The history of pigs and pork in the Ancient Near East
Archaeologists have unearthed enough pig bones around Jerusalem to know that these animals were popular sources of meat from 3500 BCE at least. In other areas, like southeastern Anatolia, boar bones account for about 20% of animal remains in digs dating back to 10,000 BCE.
However, around 1600 BCE, pigs began to get a negative reputation around Anatolia at least. Archaeologists have found a far smaller percentage of pig bones in digs from that timeframe. They went from about 20% of animal bones to 5%. People began to see pigs as trash-eating hedonists.

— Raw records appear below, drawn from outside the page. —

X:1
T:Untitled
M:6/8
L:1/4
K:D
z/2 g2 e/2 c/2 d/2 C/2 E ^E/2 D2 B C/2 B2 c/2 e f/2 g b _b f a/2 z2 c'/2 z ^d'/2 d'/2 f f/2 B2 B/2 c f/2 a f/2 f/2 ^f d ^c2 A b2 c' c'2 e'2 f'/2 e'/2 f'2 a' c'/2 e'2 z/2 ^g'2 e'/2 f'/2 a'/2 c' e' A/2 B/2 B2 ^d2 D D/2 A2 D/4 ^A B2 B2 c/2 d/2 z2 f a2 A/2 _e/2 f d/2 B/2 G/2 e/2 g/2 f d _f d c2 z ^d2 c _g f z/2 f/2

Lawler asserts that the Old Testament was written between 600-300 BCE. Others argue that this process began around 1400-1200 BCE. Either way, that’s well after that 1600 BCE mark. Even the Philistines, who were ancient enemies to the Hebrews, didn’t eat much pork after settling in the area. By 900 BCE, pig bones account for 1% of animal bones there.

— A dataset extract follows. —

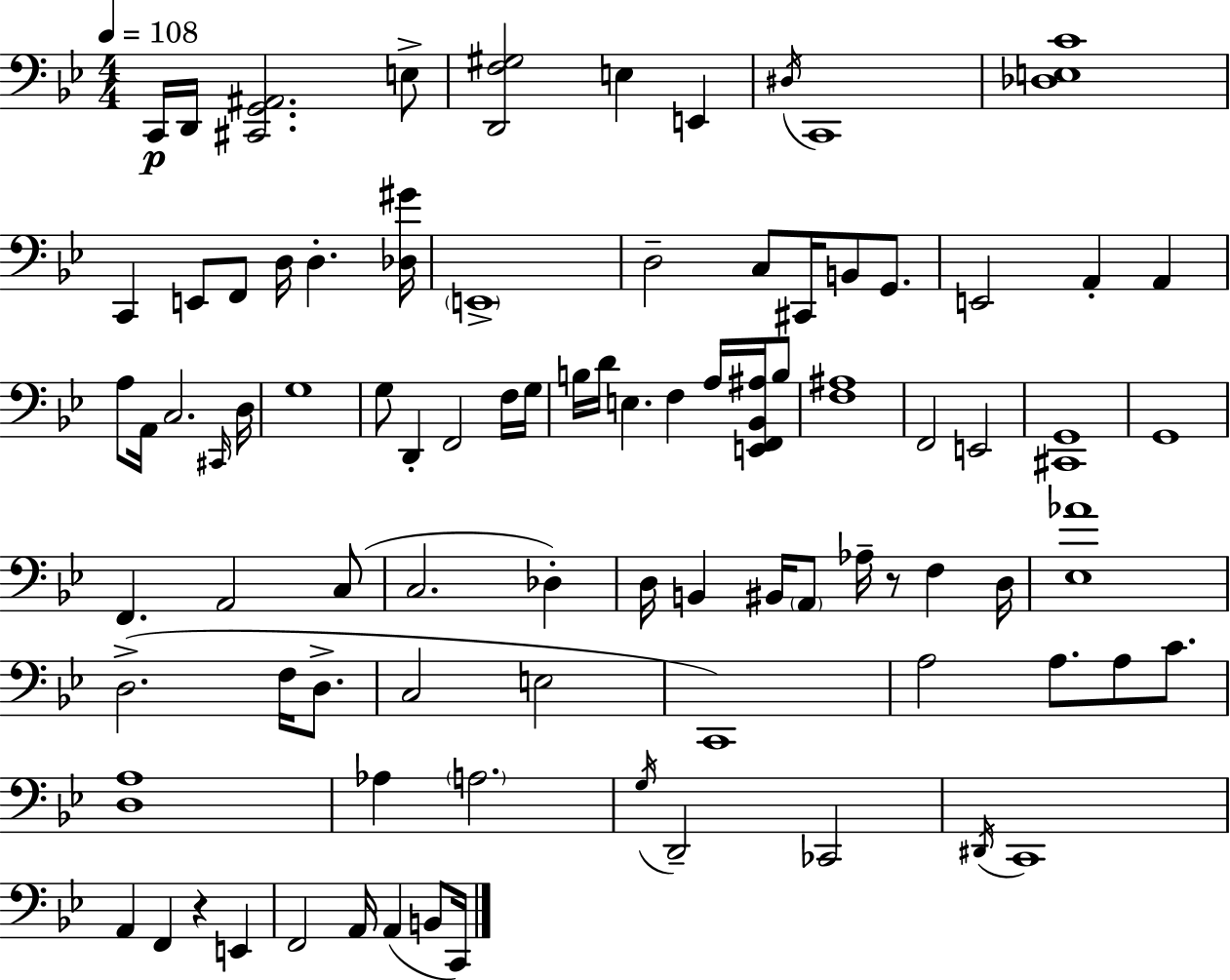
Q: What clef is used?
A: bass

Pork consumption rose dramatically later on. By 586 BCE, pig bones account for about 8% of animal bones found in digs. As Lawler tells us, this proportion holds true even in the heart of Jerusalem itself. One archaeologist even says, “Every excavation in Jerusalem and Judah from the same period has found some pig bones.”
When I was Pentecostal, we sure didn’t think that. The accepted wisdom was that one could tell the difference between a Hebrew and non-Hebrew home by the presence or absence of pig bones. Whoops.
Pigs as symbols of sin and decadence
Despite that brief rise in pork consumption by 586 BCE, cultural shifts would set the stage for Jews to completely reject the meat.
In the 300s, Alexander the Great conquered Judea. From then until 63 BCE, the Seleucid Empire ruled Judea. Then, the empire collapsed into civil war and got absorbed by the Roman Republic. The next year, the Romans swept into Judea and ruled it until about 135 CE.
(Technically, they ruled it for much longer even than that. In response to various huge Jewish rebellions, in the 130s Roman rulers renamed the region to Syria Palaestina, established a new pagan colony right on top of the ruins of the Second Temple in Jerusalem, depopulated the entire region, and tried their best to prevent Jews from living in Jerusalem proper ever again. But that’s well after the time period we’re discussing here.)
Both the Hellenistic and Roman people loved pork. Naturally, then, this meat became a flashpoint symbol for rebellion. Rabbis in Jerusalem soon began symbolizing their overlords as pigs—and the overlords’ culture as piggish.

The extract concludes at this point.